# Yeast Sludge



## melinda (20/11/12)

G'day Men,

I have an ale that has stopped fermenting. On top is a thick yeast sludge. Normally I have a clearish surface before I crash chill. Should I crash chill with this sludge on top, or scoop it off? I don't really want to touch it if possible.

Cheers,
Cadbury


----------



## vortex (20/11/12)

That's Krausen, it'll drop on it's own when the fermentation is done. Are you sure it's at FG?


----------



## Diesel80 (20/11/12)

cadbury said:


> G'day Men,
> 
> I have an ale that has stopped fermenting. On top is a thick yeast sludge. Normally I have a clearish surface before I crash chill. Should I crash chill with this sludge on top, or scoop it off? I don't really want to touch it if possible.
> 
> ...



lemme guess US-05 yeast?

Cheers,
D80


----------



## melinda (20/11/12)

Yes it is US-05 yeast


----------



## RagingBull (20/11/12)

found this happens with us05 when i ferment cold. crash chill and it will drop. no worries


----------



## Brewer_010 (20/11/12)

Agree, crash chill and it will go. A bit OT but i really cant stand us-05, had a few brews with off flavours, poor performance before ditching it altogether. If you must use a dry yeast, try the S-189 brewed at 16 degrees and you'll find you get better results.
Cheers.


----------



## Bribie G (20/11/12)

US-05 has some close cousins in the Wyeast family that don't do this and settle out a lot quicker, for example Wyeast American Ale, American Ale 2.


----------



## Beerisyummy (20/11/12)

RagingBull said:


> found this happens with us05 when i ferment cold. crash chill and it will drop. no worries



RB,
When you say ferment cold, what temps are you talking?
I only ask because I've used us-05 for several brews at different temps and haven't experienced this yet. After the two week mark mine have all been really clear on top with a huge scum ring on the fermenter.


----------



## Nick JD (20/11/12)

I once bottled a US05 batch with an inch thick krausen on it. 

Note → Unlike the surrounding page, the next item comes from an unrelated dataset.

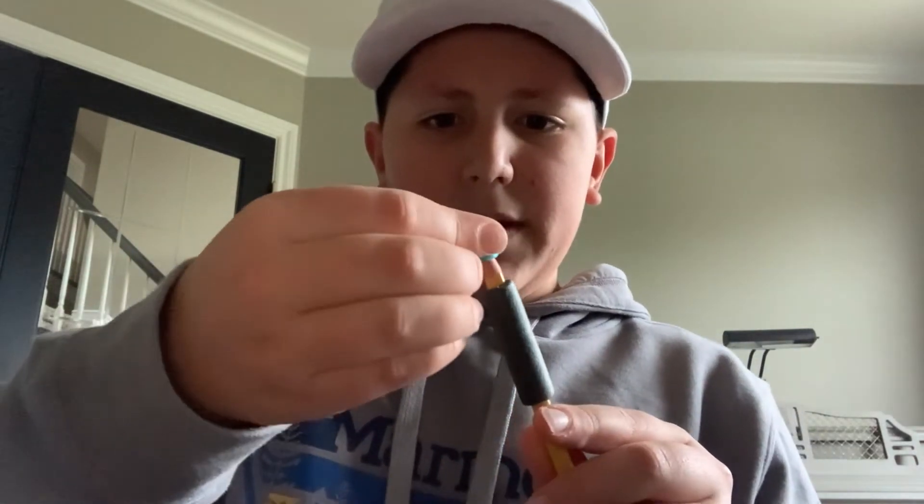Push it in right on top of your gray piece, and there you go — you have a dart to stop your calluses on your pencil. This is a pencil dart hack for you to use when you write. Thanks for watching, like, subscribe, comment. See you in the next video.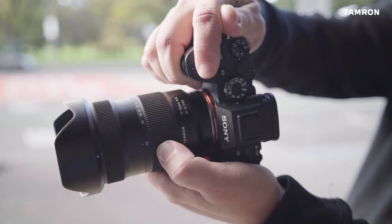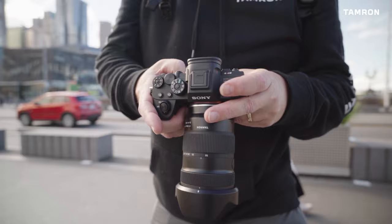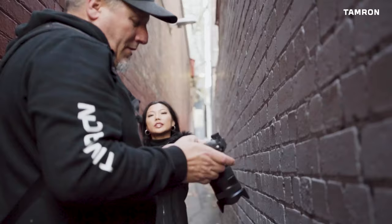One of the biggest benefits is it's a small lens. We all love small mirrorless cameras, but then plonk a massively large lens on the front and take away a lot of the benefits. Tamron's tried to create a lens that's incredibly versatile while maintaining a small form factor — a general 'carry anywhere, use anytime' kind of lens.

Was fermented in the early 20s. No idea what leads this yeast to decide to float. 

Every time I use it I think, "WTF am I using it, again?" Damned cloudy bitch! You need three pigskins worth of geletine to clear it up if you don't want to wait 2 weeks for it to settle out cold and lose all your hop aroma.

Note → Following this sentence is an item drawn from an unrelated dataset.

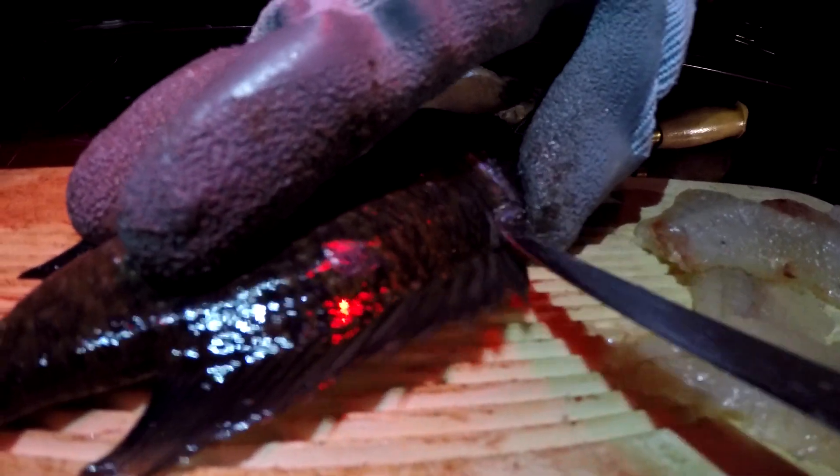Then you'll just poke your knife through and get that side of the meat. So that's a nice little fillet for a bluegill right here. Then what I do is leave it like that so I can come back and take the skin off from it.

US05 is a gateway yeast. We'll all end up buying the good stuff eventually.


----------



## QldKev (20/11/12)

Glad I read this thread. I haven't used us-05 for a while, and thought maybe give it a go again. I think I'll stay with San Diego yeast for now.

QldKev


----------



## [email protected] (20/11/12)

While there are much nicer liquid yeasts out there, I have never had a problem with US05. However, that is pitching 1 gram of dry yeast / L of wort, 1.5g for anything over 1060. Which from my own reading is common practice for the many many commercial breweries that use it without fail.

Hits final gravity in 3 days, krausen drops a few days later, with cold and a little bit of time it will clear up nicely.

Neutral ,clean and fast fermenting ale yeast. 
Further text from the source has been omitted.